• ACTIVITY: I need the records below restated word for word, without their pictures.

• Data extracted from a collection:
Start of Block

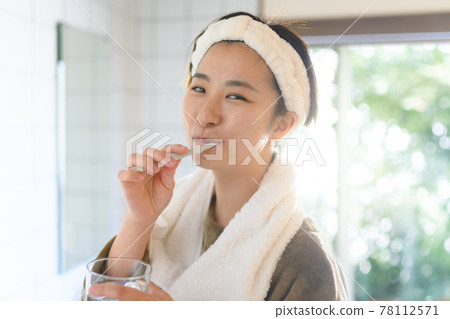 女性生活方式 78112571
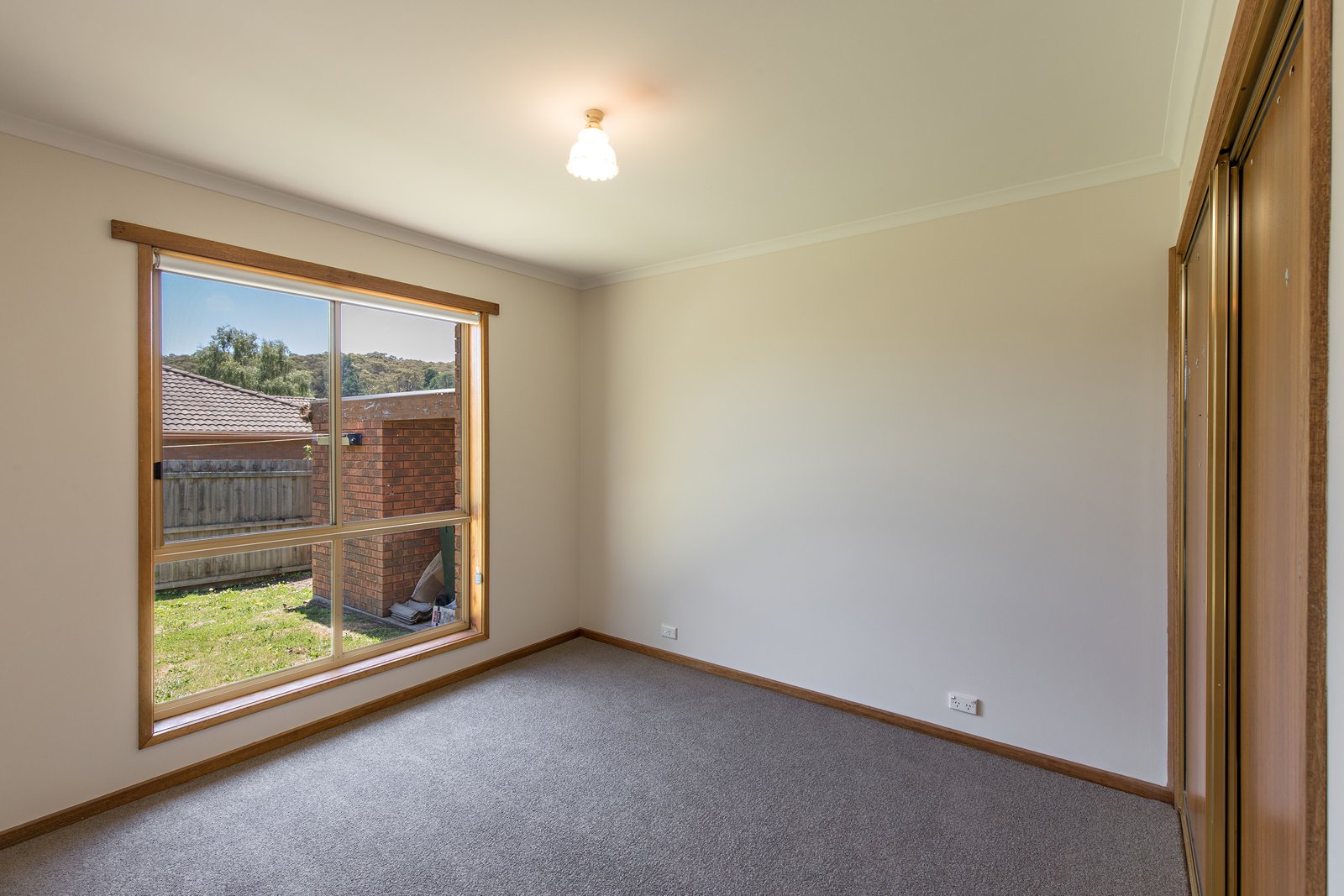 Gallery: 1/365 Humffray Street North
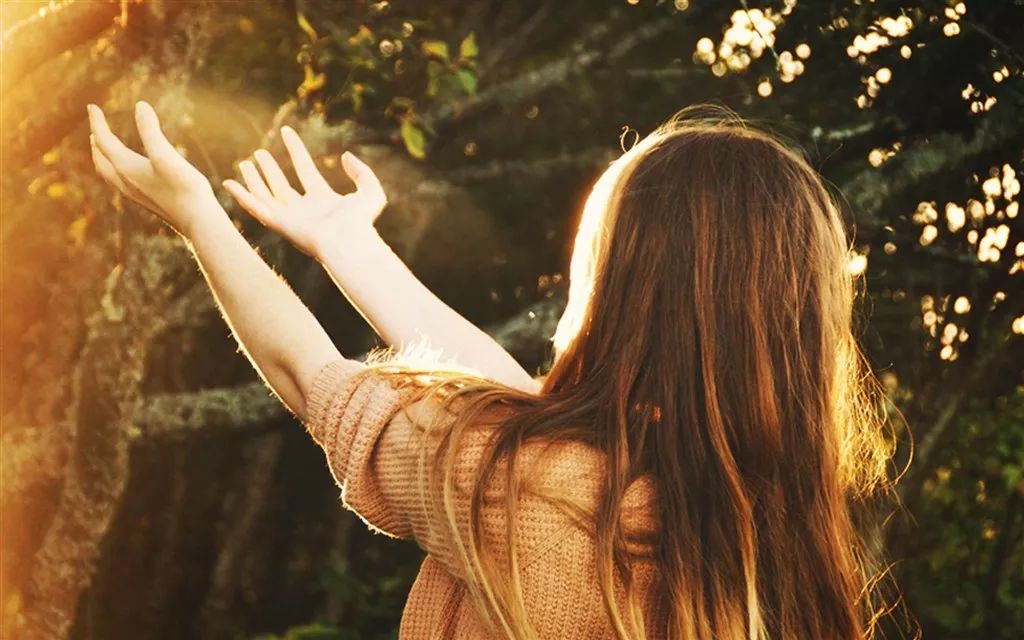 你的形象和气质里藏着,你的外表里藏着你的运气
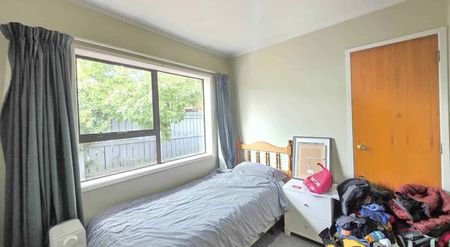 3-Bed Home with Private Garden & Garage - Photo 4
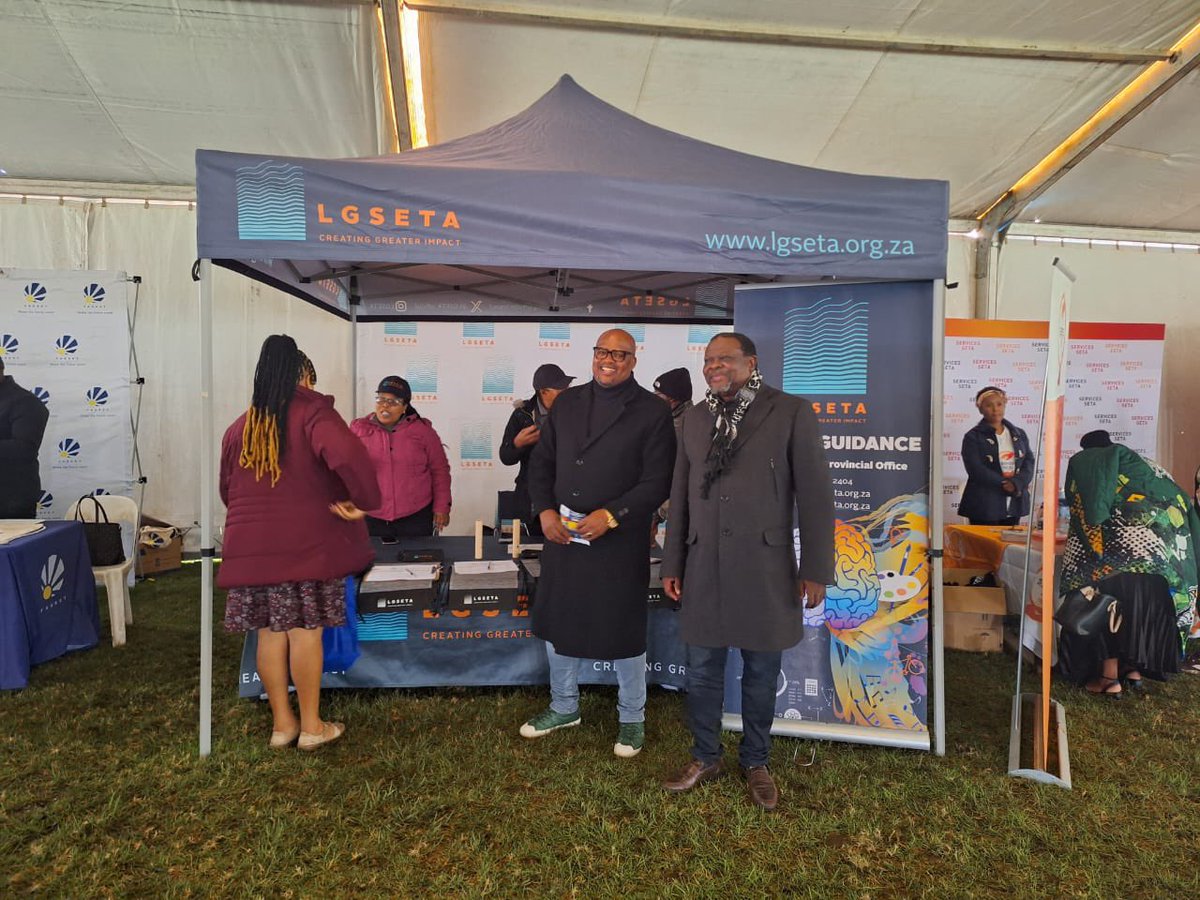 LGSETA_official's tweet photo. 1/2 On Youth Day, the our EC office supported the EC Office of the Premier at their Provincial Youth Day Commemoration and Skills Development Investment Launch.
The launch was held at in eziHlahleni Village.
#YouthMonth #LGSETAOnTheMove #CreatingGreaterImpact https://t.co/4k95HOVEzQ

End of Block

• EXERCISE RESPONSE:
 女性生活方式 78112571
 Gallery: 1/365 Humffray Street North
 你的形象和气质里藏着,你的外表里藏着你的运气
 3-Bed Home with Private Garden & Garage - Photo 4
 LGSETA_official's tweet photo. 1/2 On Youth Day, the our EC office supported the EC Office of the Premier at their Provincial Youth Day Commemoration and Skills Development Investment Launch.
The launch was held at in eziHlahleni Village.
#YouthMonth #LGSETAOnTheMove #CreatingGreaterImpact https://t.co/4k95HOVEzQ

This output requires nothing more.